Ursula’nın ütopya içindeki distopyası Urras gezegenidir. Bu gezegen kapitalizmin hüküm sürdüğü, kokuşmuş efendilerin fakir halkın sırtından geçindiği, her şeyin kâr marjlı düşünüldüğü bildiğiniz günümüz dünyasıdır aslında. Bu çarpık düzene Odo önderliğinde başkaldıran anarşistler olmuşsa da düzeni yıkamamışlar ve Anarres isimli yüzde 99’u çöl olan bir gezegene sürülmüşlerdir. İşte bizim hikâyemiz de buraya sürülen bir avuç Odocu’nun kurduğu anarşist ütopyada başlar.
Kitaba adını veren mülksüzler, Anarreslilerdir. Çünkü hiçbir şeye sahip değillerdir. Ne bir mülk, ne bir toprak. Çocukları dahi kendilerinin değildir. Herkesin her şeyi paylaştığı, çalışmanın zorunsuz olduğu ve fakat çalışmamanın da ayıplandığı bir yerdir burası.
Odo’dan kuşaklar sonra Shevek isimli bir bilim insanının hikâyesi üzerinden bu ütopyanın işleyişini çözeriz. İnsan ilişkilerinden sendikal faaliyetlere, yaşam düzenlerinden düzensizlikteki düzene kadar bir bir işlenir ütopya.
Kurak, sıcak, tatsız ama gerçekliği içinde ve özgürlük üzerinden anlatılır Odocu anarşizm. Ursula Odoculuk için Tao’cu biçimiyle Shelley ve Kropotkin’in, Goldman ve Goodman’in geliştirdiği anarşizm olarak tanımlar.
Shevek ve Urras eksenin de bu sefer ana gezegenleri olan Urras’ı anlatır Ursula bizlere. Anlattığı Shevek’in görebildiği kadarsa da zamanla arka yüzü de görünür kapitalizmin. Ve umutsuz insanların dünyasına aralanır kapımız. Ölünce Anarres’te uyanmayı dilediğini öğreniriz Urras’ın ezilen halkının. Anarres bir rüyadır onlar için.
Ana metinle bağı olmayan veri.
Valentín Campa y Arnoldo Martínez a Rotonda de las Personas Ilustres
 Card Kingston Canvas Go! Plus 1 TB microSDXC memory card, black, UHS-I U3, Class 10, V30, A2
Ve hikâye iki dünya arasında akıp gitmeye devam eder. Daha fazla detay vermeden sizlere Mülksüzler’den iki alıntı ile veda edeyim:
“Bir hırsız yaratmak için, bir sahip yaratın; suç yaratmak istiyorsanız yasalar koyun.”
“Oiie: İnsanları düzen için de tutan ne? Neden birbirlerini soyup öldürmüyorlar? Shevek: Hiç kimse çalınacak bir şeye sahip değil. Eğer bir şeyi istersen gidip depodan alabilirsin. Şiddete gelince, bilemiyorum. Oiie, durup dururken beni öldürür müydün? Eğer öldürmek isteseydin, buna karşı çıkarılan bir yasa seni engeller miydi? Zorlama, düzeni sağlamanın en etkisiz yoludur.”